TASK DETAILS:
Give again only the lines from the line that holds "skin rejuvenation before and after photos" to the end of the data, inclusive, omitting all pictures.

DATA FOR THIS EXERCISE:
══════

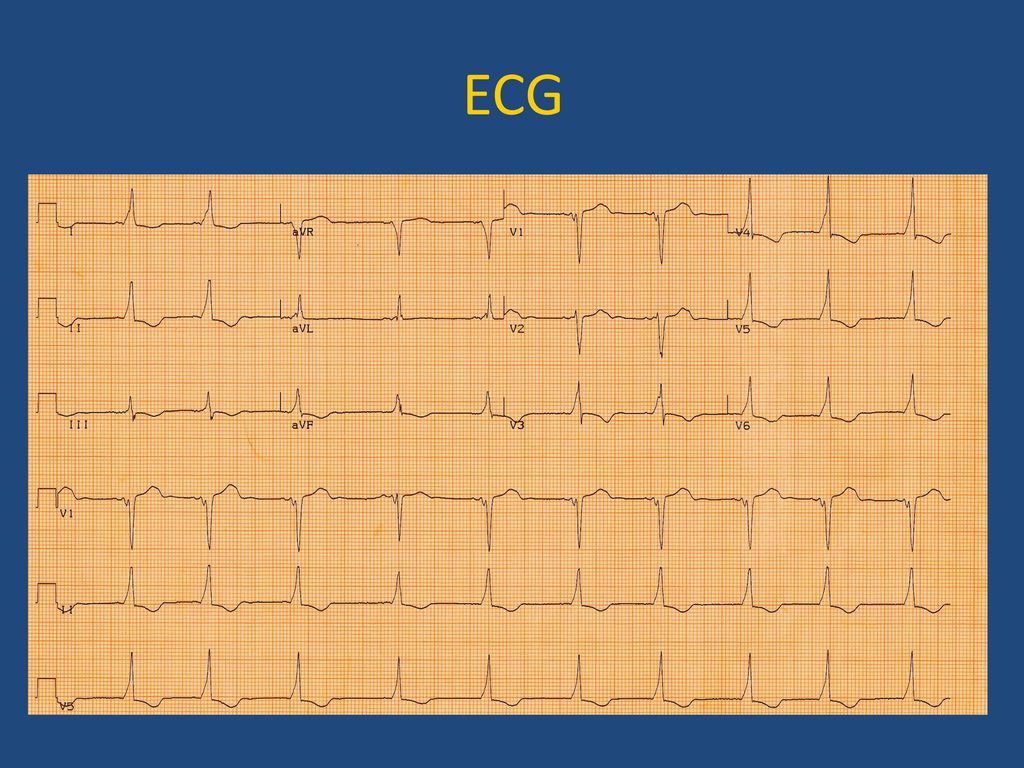 Arrhythmia in babies and children - ppt download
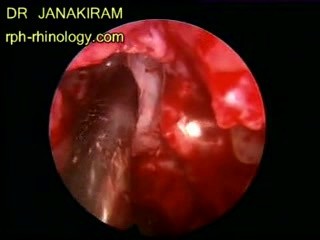 Frontal Sinusitis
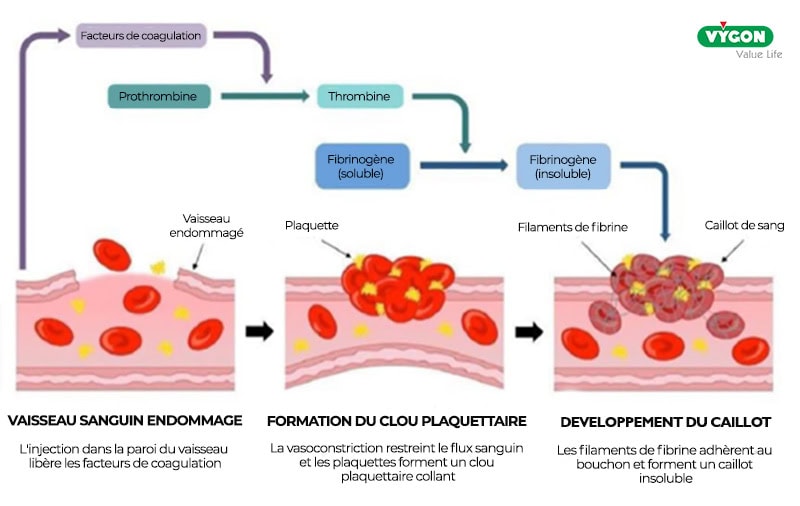 Formation-thrombus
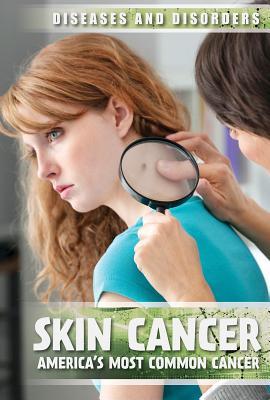 Skin Cancer: America's Most Common Cancer (Diseases & Disorders) Cover Image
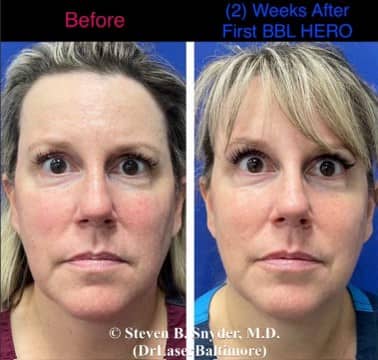 skin rejuvenation before and after photos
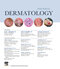 Dermatology, 5th Edition 2025
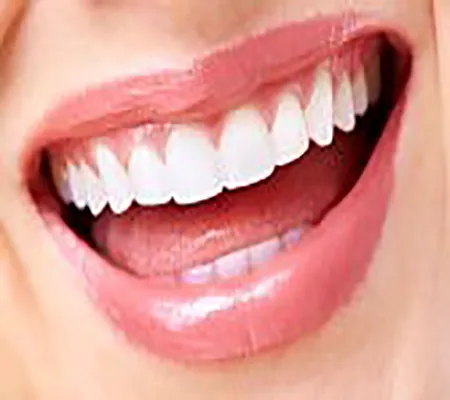 Reston Dental Care Picture 3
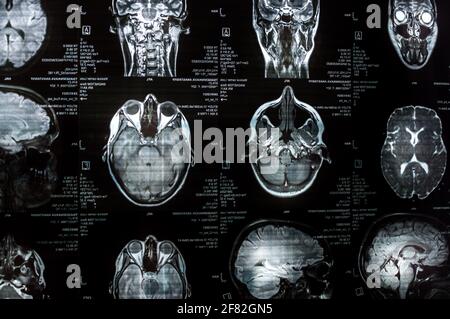 Magnetic resonance imaging of the brain close up. MRI Stock Photo - Alamy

══════

REPLY TO THE TASK:
 skin rejuvenation before and after photos
 Dermatology, 5th Edition 2025
 Reston Dental Care Picture 3
 Magnetic resonance imaging of the brain close up. MRI Stock Photo - Alamy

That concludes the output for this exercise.